DATASET ENTRIES:
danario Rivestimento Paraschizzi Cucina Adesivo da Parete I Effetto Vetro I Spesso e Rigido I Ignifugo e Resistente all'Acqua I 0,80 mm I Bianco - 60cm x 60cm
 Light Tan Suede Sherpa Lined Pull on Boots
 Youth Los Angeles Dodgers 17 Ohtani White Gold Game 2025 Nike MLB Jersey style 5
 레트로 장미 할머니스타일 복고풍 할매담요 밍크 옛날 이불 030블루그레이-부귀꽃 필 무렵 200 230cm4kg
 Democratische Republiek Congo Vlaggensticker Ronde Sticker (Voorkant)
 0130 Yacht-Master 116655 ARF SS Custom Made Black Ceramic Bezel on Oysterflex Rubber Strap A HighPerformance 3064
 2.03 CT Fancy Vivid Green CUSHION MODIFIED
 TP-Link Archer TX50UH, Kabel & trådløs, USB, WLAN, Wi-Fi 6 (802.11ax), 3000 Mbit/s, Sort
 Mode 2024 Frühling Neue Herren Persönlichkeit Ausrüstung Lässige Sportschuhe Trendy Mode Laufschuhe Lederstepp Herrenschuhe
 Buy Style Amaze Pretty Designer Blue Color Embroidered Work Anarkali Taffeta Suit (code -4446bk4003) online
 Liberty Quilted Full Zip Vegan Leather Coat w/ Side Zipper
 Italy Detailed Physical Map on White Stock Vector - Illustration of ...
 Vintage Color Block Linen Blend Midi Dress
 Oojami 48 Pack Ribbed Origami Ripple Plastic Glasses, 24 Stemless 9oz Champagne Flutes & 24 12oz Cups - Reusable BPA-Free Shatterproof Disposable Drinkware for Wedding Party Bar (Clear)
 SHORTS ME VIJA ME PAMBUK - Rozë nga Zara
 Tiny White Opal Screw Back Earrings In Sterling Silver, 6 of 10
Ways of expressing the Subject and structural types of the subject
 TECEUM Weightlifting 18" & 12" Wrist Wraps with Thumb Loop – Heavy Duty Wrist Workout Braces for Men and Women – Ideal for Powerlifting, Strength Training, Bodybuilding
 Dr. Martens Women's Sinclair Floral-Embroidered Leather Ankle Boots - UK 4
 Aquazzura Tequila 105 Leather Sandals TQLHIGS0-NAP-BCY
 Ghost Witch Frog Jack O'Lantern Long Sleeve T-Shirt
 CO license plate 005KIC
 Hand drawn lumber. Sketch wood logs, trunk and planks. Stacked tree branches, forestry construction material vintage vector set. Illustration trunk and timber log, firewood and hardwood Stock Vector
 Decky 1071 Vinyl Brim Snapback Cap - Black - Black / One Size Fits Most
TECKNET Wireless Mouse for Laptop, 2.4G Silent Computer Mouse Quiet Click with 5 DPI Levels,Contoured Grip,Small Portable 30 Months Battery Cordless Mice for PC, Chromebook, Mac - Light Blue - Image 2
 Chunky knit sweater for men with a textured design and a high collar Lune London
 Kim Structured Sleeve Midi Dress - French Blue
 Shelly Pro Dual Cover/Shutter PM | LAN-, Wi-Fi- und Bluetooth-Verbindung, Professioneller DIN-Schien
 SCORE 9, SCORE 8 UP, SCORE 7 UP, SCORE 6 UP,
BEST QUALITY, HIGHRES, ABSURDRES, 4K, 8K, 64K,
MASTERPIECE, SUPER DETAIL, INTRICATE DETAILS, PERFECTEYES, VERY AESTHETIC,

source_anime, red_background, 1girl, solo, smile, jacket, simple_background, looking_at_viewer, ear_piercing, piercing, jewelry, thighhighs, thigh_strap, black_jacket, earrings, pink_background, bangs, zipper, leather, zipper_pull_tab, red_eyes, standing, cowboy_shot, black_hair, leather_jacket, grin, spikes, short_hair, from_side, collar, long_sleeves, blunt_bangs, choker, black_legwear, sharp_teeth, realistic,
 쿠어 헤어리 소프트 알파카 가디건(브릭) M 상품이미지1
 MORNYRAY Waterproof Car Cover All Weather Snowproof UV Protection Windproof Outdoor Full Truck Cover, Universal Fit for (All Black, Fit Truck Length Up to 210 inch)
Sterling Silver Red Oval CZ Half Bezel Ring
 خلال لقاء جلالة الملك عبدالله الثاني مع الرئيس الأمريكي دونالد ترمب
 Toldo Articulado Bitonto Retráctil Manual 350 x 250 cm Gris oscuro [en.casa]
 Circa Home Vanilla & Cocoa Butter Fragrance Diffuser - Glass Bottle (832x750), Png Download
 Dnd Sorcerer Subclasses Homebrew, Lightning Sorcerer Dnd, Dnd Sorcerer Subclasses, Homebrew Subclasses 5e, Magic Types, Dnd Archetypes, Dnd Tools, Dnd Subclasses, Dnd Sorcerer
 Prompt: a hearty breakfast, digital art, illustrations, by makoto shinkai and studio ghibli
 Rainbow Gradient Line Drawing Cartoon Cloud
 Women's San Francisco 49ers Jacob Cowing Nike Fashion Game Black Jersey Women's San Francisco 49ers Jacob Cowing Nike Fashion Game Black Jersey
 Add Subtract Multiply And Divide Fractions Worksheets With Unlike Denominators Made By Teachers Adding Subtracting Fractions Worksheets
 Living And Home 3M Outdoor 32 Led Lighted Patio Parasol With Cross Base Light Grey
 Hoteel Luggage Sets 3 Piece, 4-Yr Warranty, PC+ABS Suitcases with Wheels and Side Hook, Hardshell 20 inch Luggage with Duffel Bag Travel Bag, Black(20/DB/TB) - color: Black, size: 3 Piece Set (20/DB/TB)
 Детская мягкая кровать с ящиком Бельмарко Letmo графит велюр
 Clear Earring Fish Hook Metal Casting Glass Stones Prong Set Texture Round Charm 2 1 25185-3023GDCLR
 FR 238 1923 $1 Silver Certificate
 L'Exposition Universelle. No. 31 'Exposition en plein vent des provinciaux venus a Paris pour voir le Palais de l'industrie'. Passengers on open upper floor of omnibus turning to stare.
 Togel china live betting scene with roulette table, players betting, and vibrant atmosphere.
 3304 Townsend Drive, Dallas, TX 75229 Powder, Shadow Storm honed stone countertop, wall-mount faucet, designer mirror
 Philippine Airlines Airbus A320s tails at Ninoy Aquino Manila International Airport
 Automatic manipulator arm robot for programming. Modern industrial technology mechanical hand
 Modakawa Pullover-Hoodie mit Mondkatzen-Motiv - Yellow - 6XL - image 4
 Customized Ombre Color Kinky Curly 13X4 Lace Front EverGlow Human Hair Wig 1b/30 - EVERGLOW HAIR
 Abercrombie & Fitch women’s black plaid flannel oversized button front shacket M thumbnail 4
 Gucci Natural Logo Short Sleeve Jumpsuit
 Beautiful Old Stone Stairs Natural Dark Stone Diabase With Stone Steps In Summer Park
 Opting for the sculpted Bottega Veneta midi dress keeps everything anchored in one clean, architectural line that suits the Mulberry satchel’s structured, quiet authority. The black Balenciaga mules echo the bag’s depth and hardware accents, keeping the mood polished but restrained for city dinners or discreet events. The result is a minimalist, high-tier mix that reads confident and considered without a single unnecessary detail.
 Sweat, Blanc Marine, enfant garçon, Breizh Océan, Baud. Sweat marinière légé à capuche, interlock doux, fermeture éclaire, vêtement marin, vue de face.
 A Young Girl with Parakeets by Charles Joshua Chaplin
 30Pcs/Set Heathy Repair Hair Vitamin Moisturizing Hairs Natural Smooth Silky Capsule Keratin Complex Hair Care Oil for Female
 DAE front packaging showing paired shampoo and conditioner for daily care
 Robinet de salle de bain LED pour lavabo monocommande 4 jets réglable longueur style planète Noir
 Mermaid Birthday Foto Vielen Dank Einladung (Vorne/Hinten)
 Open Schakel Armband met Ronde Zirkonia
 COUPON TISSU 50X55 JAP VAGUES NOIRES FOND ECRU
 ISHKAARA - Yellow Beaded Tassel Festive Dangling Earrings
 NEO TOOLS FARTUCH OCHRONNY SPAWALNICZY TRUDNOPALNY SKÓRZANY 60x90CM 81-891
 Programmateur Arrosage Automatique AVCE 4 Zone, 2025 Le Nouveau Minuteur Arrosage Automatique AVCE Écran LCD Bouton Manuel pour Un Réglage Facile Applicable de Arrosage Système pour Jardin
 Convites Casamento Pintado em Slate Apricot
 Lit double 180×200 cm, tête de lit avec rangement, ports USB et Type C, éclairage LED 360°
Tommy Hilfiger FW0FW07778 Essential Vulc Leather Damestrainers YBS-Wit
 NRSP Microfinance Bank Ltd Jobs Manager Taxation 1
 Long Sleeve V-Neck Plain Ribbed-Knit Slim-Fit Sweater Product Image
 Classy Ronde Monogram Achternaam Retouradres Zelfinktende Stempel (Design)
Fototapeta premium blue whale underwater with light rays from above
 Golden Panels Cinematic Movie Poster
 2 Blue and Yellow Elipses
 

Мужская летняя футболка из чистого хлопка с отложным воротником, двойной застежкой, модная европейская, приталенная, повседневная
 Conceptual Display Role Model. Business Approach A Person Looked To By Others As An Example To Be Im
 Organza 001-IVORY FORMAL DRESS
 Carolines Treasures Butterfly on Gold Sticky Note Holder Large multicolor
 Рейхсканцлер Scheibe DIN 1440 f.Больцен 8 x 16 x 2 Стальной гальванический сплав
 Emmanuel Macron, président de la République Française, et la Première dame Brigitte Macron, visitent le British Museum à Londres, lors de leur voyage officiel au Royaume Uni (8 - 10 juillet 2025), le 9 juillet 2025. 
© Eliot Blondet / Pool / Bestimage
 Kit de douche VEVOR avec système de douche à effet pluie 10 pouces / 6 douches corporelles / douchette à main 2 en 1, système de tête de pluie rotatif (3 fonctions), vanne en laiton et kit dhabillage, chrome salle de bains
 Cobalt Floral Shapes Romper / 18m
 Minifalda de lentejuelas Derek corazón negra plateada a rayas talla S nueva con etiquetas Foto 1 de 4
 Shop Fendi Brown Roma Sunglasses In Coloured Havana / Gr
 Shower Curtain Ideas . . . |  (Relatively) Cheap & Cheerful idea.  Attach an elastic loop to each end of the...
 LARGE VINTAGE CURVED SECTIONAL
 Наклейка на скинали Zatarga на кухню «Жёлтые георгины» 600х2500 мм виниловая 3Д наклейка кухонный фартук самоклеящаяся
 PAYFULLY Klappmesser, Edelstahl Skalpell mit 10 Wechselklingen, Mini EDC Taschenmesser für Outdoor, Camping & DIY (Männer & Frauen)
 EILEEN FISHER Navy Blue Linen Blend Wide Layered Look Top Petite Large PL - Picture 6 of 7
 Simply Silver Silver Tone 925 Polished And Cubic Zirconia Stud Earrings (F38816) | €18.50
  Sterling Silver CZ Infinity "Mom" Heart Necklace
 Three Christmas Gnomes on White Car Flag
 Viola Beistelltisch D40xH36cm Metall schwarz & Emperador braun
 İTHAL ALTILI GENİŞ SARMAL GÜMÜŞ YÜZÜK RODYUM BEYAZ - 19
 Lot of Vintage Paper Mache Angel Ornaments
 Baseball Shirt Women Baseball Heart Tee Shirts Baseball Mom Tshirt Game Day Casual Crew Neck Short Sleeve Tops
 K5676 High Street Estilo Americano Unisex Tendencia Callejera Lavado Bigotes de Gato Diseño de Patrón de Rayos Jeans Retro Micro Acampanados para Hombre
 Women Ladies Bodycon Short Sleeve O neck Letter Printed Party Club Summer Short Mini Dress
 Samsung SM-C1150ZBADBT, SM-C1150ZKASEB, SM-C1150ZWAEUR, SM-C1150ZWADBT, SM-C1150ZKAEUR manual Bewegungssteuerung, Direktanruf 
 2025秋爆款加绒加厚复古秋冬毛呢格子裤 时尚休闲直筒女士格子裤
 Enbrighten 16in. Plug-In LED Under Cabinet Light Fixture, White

YOUR OBJECTIVE:
Copy out the lines above exactly, beginning at the one that contains "Long Sleeve V-Neck" and ending at the one that contains "2 Blue and Yellow Elipses".

WRITTEN ANSWER:
 Long Sleeve V-Neck Plain Ribbed-Knit Slim-Fit Sweater Product Image
 Classy Ronde Monogram Achternaam Retouradres Zelfinktende Stempel (Design)
Fototapeta premium blue whale underwater with light rays from above
 Golden Panels Cinematic Movie Poster
 2 Blue and Yellow Elipses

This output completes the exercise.